Singleton Generator
Overview
The Singleton Generator creates thread-safe singleton implementations with explicit initialization and threading semantics. It eliminates common singleton footguns like incorrect lazy initialization and double-checked locking bugs.
When to Use
Use the Singleton generator when you need:
- A single instance of a class throughout the application lifecycle
- Explicit initialization timing: Control whether the instance is created eagerly or lazily
- Thread-safety guarantees: Configurable threading model for your use case
- Compile-time safety: The generator validates your singleton at build time
Installation
The generator is included in the PatternKit.Generators package:
dotnet add package PatternKit.Generators
Quick Start
using PatternKit.Generators.Singleton;
[Singleton]
public partial class AppClock
{
public DateTime Now => DateTime.UtcNow;
private AppClock() { }
}
Generated:
public partial class AppClock
{
private static readonly AppClock __PatternKit_Instance = new AppClock();
/// <summary>Gets the singleton instance of this type.</summary>
public static AppClock Instance => __PatternKit_Instance;
}
Usage:
var now = AppClock.Instance.Now;
Initialization Modes
Eager Initialization (Default)
The instance is created when the type is first accessed. This is the simplest and safest approach:
[Singleton] // Mode defaults to SingletonMode.Eager
public partial class Configuration
{
public string ConnectionString { get; }
private Configuration()
{
ConnectionString = Environment.GetEnvironmentVariable("CONNECTION_STRING") ?? "";
}
}
Generated:
private static readonly Configuration __PatternKit_Instance = new Configuration();
public static Configuration Instance => __PatternKit_Instance;
Pros:
- Simple and thread-safe by CLR guarantee
- No runtime overhead on access
- Deterministic initialization
Cons:
- Instance created even if never accessed
- Initialization order depends on type access order
Lazy Initialization
The instance is created on first access to the Instance property:
[Singleton(Mode = SingletonMode.Lazy)]
public partial class ExpensiveService
{
private ExpensiveService()
{
// Expensive initialization here
}
}
Generated (thread-safe):
private static readonly Lazy<ExpensiveService> __PatternKit_LazyInstance =
new Lazy<ExpensiveService>(() => new ExpensiveService());
public static ExpensiveService Instance => __PatternKit_LazyInstance.Value;
Pros:
- Instance only created when actually needed
- Can reduce startup time for rarely-used services
Cons:
- Slight runtime overhead on first access
- Less predictable initialization timing
Threading Options
When using SingletonMode.Lazy, you can configure the threading model:
ThreadSafe (Default)
Uses Lazy<T> which is thread-safe by default:
[Singleton(Mode = SingletonMode.Lazy, Threading = SingletonThreading.ThreadSafe)]

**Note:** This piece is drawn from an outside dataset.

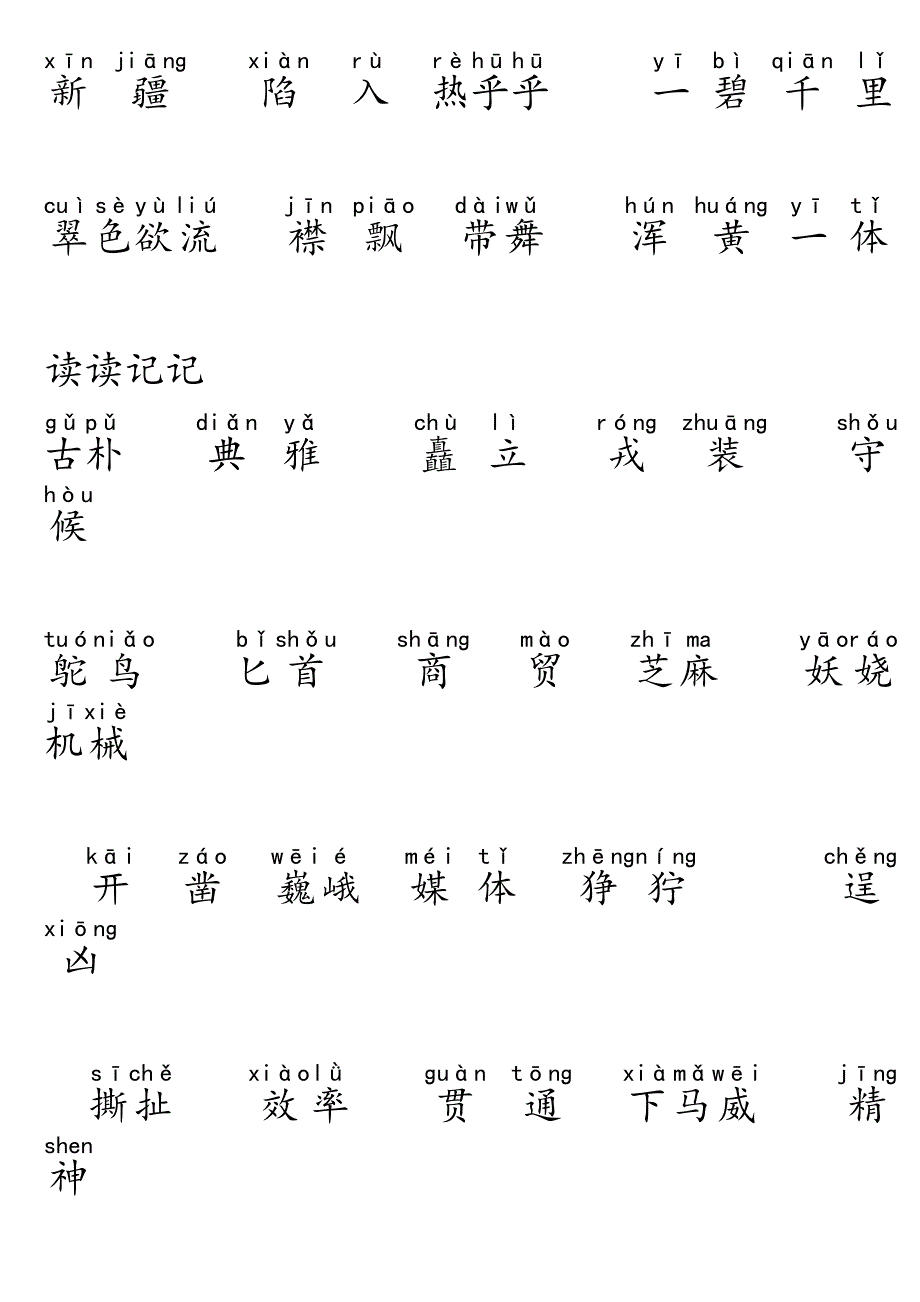 五年级下册语文词语盘点、日积月累(加拼音)--大字_第2页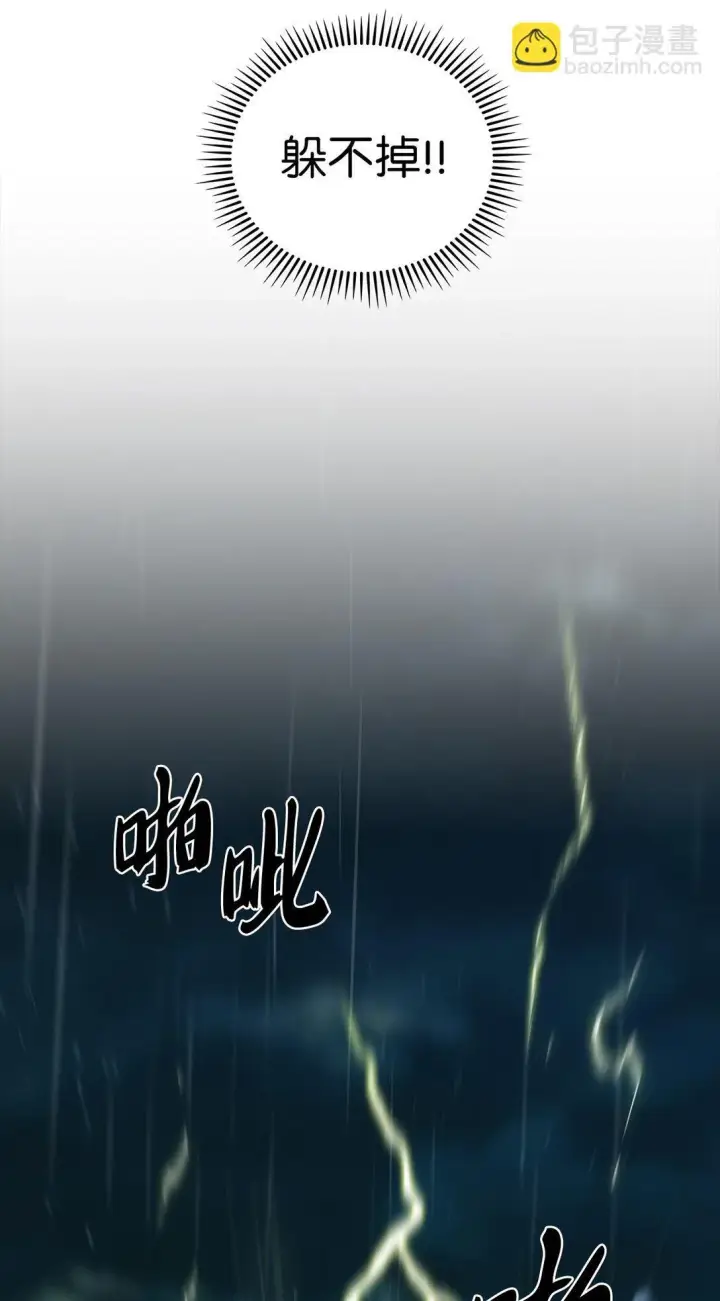 漫画《来自武林的外卖员》053 作战计划第37张图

public partial class SafeCache { }
SingleThreadedFast
For scenarios where you guarantee single-threaded access:
[Singleton(Mode = SingletonMode.Lazy, Threading = SingletonThreading.SingleThreadedFast)]
public partial class UiService
{
// Only accessed from UI thread
private UiService() { }
}
Generated:
private static UiService? __PatternKit_Instance;
/// <summary>
/// Gets the singleton instance of this type.
/// WARNING: This implementation is not thread-safe.
/// </summary>
public static UiService Instance => __PatternKit_Instance ??= new UiService();
⚠️ Warning: Only use SingleThreadedFast when you can guarantee single-threaded access. Multi-threaded access may result in multiple instances being created.
Custom Factory Methods
When your singleton needs custom initialization logic, use [SingletonFactory]:
[Singleton(Mode = SingletonMode.Lazy)]
public partial class ConfigManager
{
public string ConfigPath { get; }
private ConfigManager(string path)
{
ConfigPath = path;
}
[SingletonFactory]
private static ConfigManager Create()
{
var path = Environment.GetEnvironmentVariable("CONFIG_PATH") ?? "config.json";
return new ConfigManager(path);
}
}
Factory method requirements:
- Must be
static - Must be parameterless
- Must return the containing type
- Only one factory method per type
Attributes
[Singleton]
Marks a partial class for singleton generation.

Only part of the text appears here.